FYI: Shodan also does monthly hostname-based scans of the Internet where we set the "Host"/ SNI headers. We use our own DNS DB to grab a list of hostnames/ IPs to launch scans of:
At the very basic, almost any attack can be monetized through resources (crypto mining, DDoS-as-a-service, selling access to the machines to other criminals) or extortion (ransomware, threatening to expose data), at scale and without the attackers really having to care too much what they hit.
If they devote more time per target, they can also go after specific data, e.g. for espionage or insider trading.
One compromised server can also serve as a foothold ("oh, you have a service account with all permissions on that server? nice!") which then allows all of the above to be launched against a bigger part of the infrastructure.

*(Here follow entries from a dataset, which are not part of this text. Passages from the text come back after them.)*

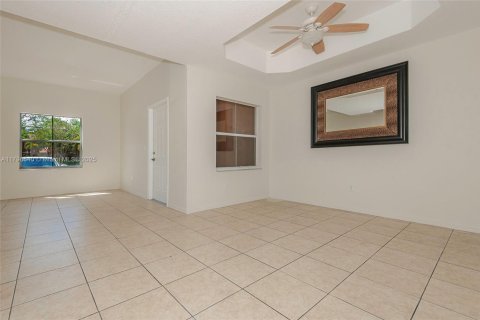 Adosado en venta en Dania Beach, Florida, 3 dormitorios, 150.04 m2 № 1670959 - foto 14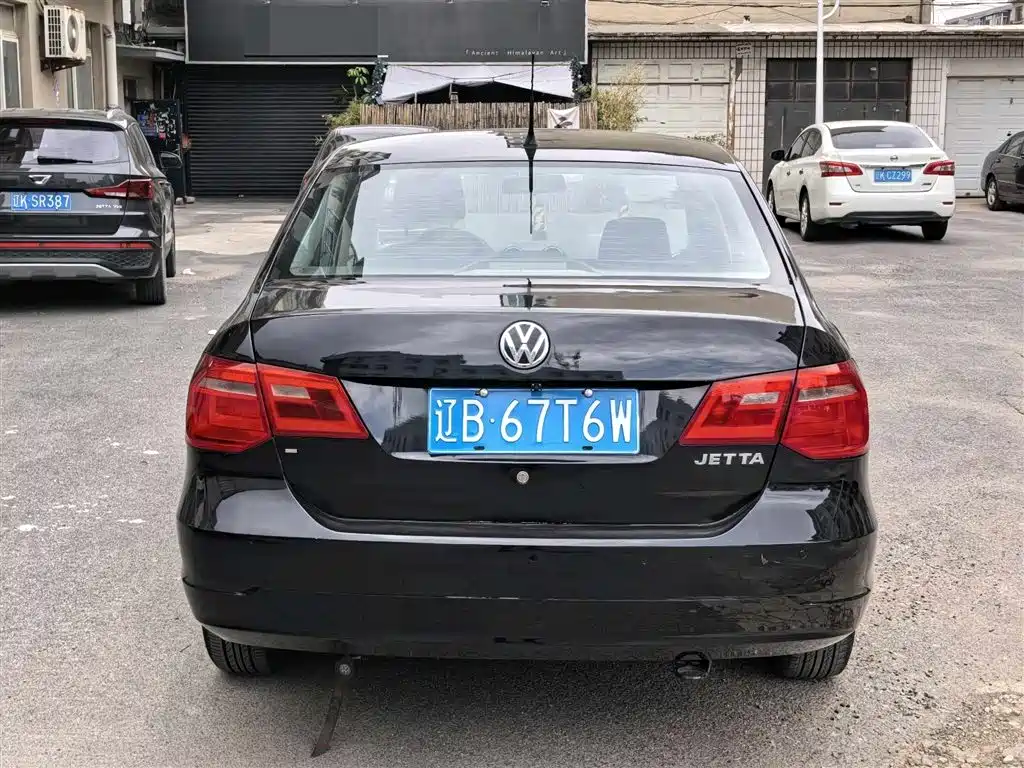 Volkswagen Jetta 2015 Value Edition 1.6L Manual Comfort фото 4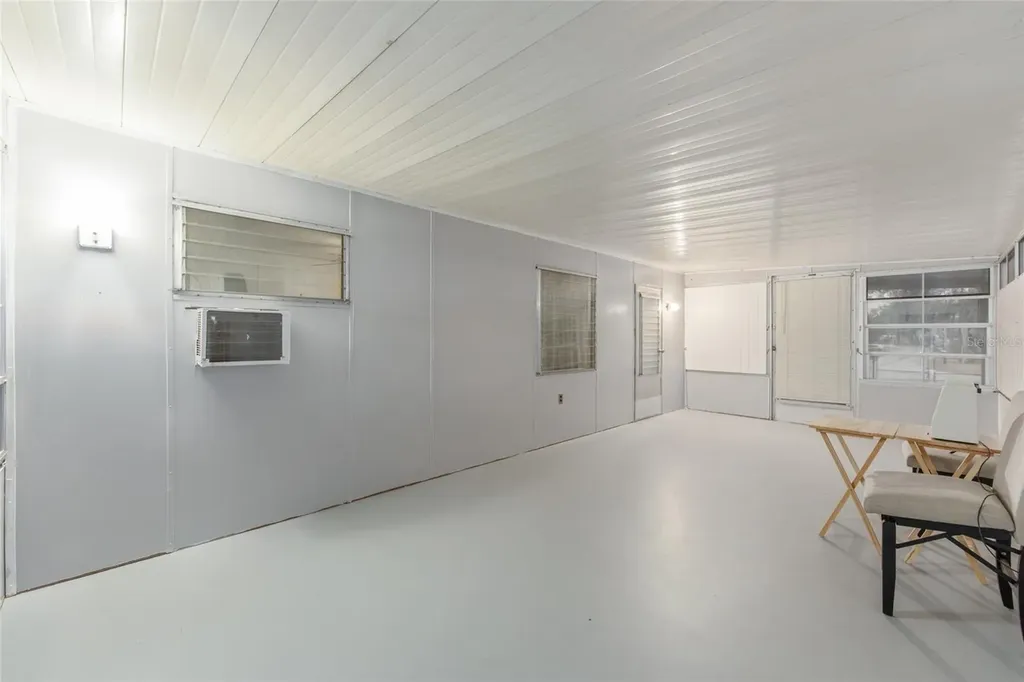 2142 SE 185th Terrace Silver Springs FL 34488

Arbitrary code execution in an on-premise server? You can basically stage an attack on any other internal resources (core infrastructure, databases, endpoints) that are visible from there, with the benefit of already being behind at least one layer of firewall/security.
How is anybody supposed to be able to answer that question, then? It obviously depends on what other services are running on that server, and what your cracked account has access to.
Access the janitor's account on the facilities Jira, which is all that runs on an old Pentium II in the broom cupboard and you get one set of benefits; access the CFO's on the Big Money Server and you get something else entirely. How on Earth did you manage not to realise this by yourself?
Maybe the founders could have used some of that time spent planning a tunnel between their side-by-side $100M houses, or engaged in Twitter rants, to actually bother delivering value to customers. It’s only a matter of time before this product suite is disrupted, and it might represent one of the most obvious low-hanging opportunities in our entire industry.
I still remember being in line at a WWDC a few years back, overhearing someone ask a developer, “where do you work?” When the developer responded with “HipChat,” the other person immediately chuckled and said, “oh — Atlassian... I’m sorry” — and then everyone around them also started laughing. It’s amazing that this company continues to fall up, and that the founders have taken on roles as the ruling digital gurus of Australia (shows you why it’s so easy for the government to run circles around the local tech industry and pass whatever laws they want).